В специфике циркового искусства за последнее вре­мя появился ряд статей. Однако многие их авторы, на мой взгляд, не всегда убедительно аргументируют свои утверждения. Для доказательства того, что цирк — искусство, обычно сопоставляют выступ­ления   акробата-артиста и акробата-спортсмена.

Упражнения спортсмена, утверждают они, это только акробатика, а вот выступления артиста — акробатика плюс нечто еще. Поэтому-то артист создает образ, а спортсмен нет. Получается, что образность зависит от неких «приба­вок» к акробатике, а сама она вроде к искусству не отно­сится.

Чтобы разобраться в этом вопросе, целесообразнее проанализировать те номера, в которых цирковое мастер­ство предстает перед зрителем без «примесей», без теат­рализации, в «чистом виде».

КАК СОЗДАЕТСЯ ОБРАЗ?..

Вот воздушный гимнаст на трапеции под куполом цирка. Мы уверены, что это — искусство. Но почему? Какой образ и как создает гимнаст? Пишущие о цирке обычно лишь в самой общей форме говорят об этом. Но очень важно не ограничивать­ся общими словами, а показать, каковы же конкретно особенности циркового образа. Ведь в каждом искусстве образ особенный: одно дело — образ литературный, дру­гое — образ музыкальный, третье — скульптурный и т. д. Конечно, и цирковой образ имеет свои отличия.

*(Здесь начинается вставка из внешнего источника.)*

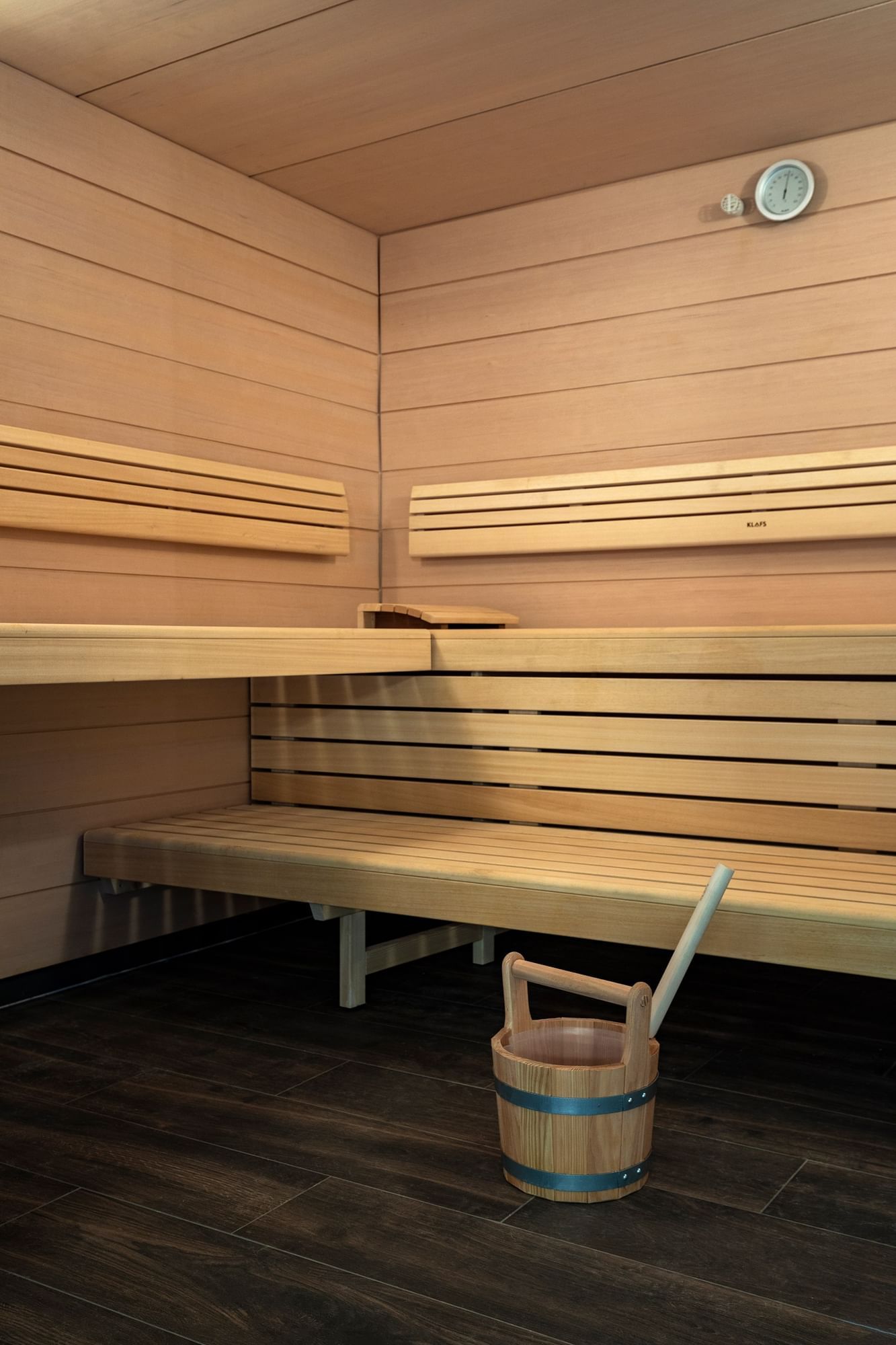 Intérieur du sauna à l'Oceania Le Conti Brest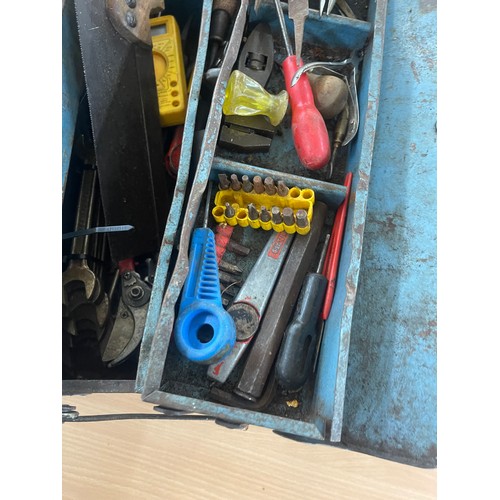 253 - Metal tool box and contents includes saws, screw drivers etc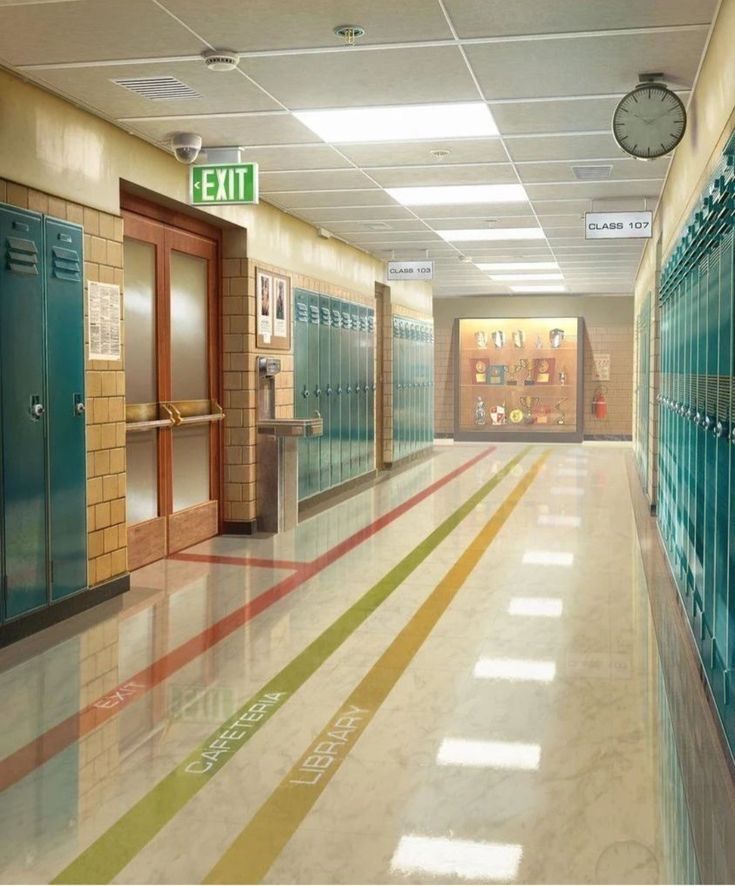 an empty hallway with several lockers and a clock on the wall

В самом деле — какая разница между артистом цирка и актером театра и кино? Создавая в театре или кино образ, актер исполняет такую-то роль, изображает тот или иной персонаж пьесы или фильма. Но гимнаст на трапеции — совершенно очевидно — никого не изобра­жает, не играет никакую роль, не создает чей-то образ. И если так, то говорить об актерском мастерстве воз­душного гимнаста нет оснований. Художественность, образ­ность такого номера, очевидно, создается именно мастер­ством   гимнастическим.

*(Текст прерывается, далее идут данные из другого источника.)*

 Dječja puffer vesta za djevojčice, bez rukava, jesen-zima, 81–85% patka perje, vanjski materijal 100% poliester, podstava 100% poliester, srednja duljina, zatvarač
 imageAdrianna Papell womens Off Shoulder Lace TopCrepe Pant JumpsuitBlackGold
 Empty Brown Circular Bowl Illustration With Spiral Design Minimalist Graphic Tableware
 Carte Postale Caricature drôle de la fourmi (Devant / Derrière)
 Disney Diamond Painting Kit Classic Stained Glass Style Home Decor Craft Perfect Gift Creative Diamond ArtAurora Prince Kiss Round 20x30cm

Все остальное в номере — как бы «оправа» для гимна­стического мастерства. В балете, например, движения танца управляются музыкой, артист следует за музыкой. А в цирке, напротив, музыка следует за гимнастом, она подчиняется ходу его работы, подчеркивая движения исполнителя. В театре свет служит различнейшим задачам: создать то или иное «настроение», ту или иную «иллюзию». В цирке единственная роль освещения — как можно резче, острее «вылепить» в пространстве исполняющийся гимна­стический номер, яснее, четче выявить мастерство артиста. Такая же роль и костюма. Он может быть бесконечно раз­нообразным. Одноцветным или пестрым. Предельно про­стым или ослепительно сверкающим блестками. Но во всех случаях костюм только тогда хорош, когда подчеркивает мастерство   артиста.

Высокая исполнительская техника бывает присуща так­же и лучшим физкультурникам. Их гимнастическое мастерство, которое мы видим в спортивных залах, ценится очень высоко, однако не как искусство в подлинном смысле слова. Спортсмен, говорят, не актер. Почему же тогда цирковой гимнаст, исполняющий, казалось бы, всего лишь гимнастические упраж­нения, — артист? Станет  ли    спортсмен    исполнять гимнастические упражнения  на трапеции на двадцатиметровой высоте?    Безусловно, нет.  И, конечно, не по недостатку    смелости. А просто потому, что это не входит в его задачу, не относится к условиям спор­тивного упражнения.

Но вот для артиста — воздушного   гимнаста   как   раз высота — одно из важнейших условий. Суть циркового номера именно в том, что физические упражнения исполня­ются в условиях необычных — риска и игры с опасностью — и предстают как торжество над этой опасностью, победа над невозможностью.

Велофигурист В. Васильев

Необычайное, более того, невероятное — важнейший элемент природы цирка. Будь то партерная акробатика, или эквилибристика, или любой другой жанр, именно неве­роятность по сравнению с житейской повседневностью — главная   примета   цирка. В этом смысле цирк очень близок сказке или фанта­стике. В цирковом номере — даже если в нем (как, на­пример, чаще всего в номерах воздушных гимнастов) нет никакой «театрализации», не разыгрывается никакая «сценка» — всегда есть свой сюжет. Гимнастические трюки компонуются в номере так, что невероятность исполняемо­го нарастает, их демонстрация развертывается как борьба с   невозможностью   и   победа   над   нею.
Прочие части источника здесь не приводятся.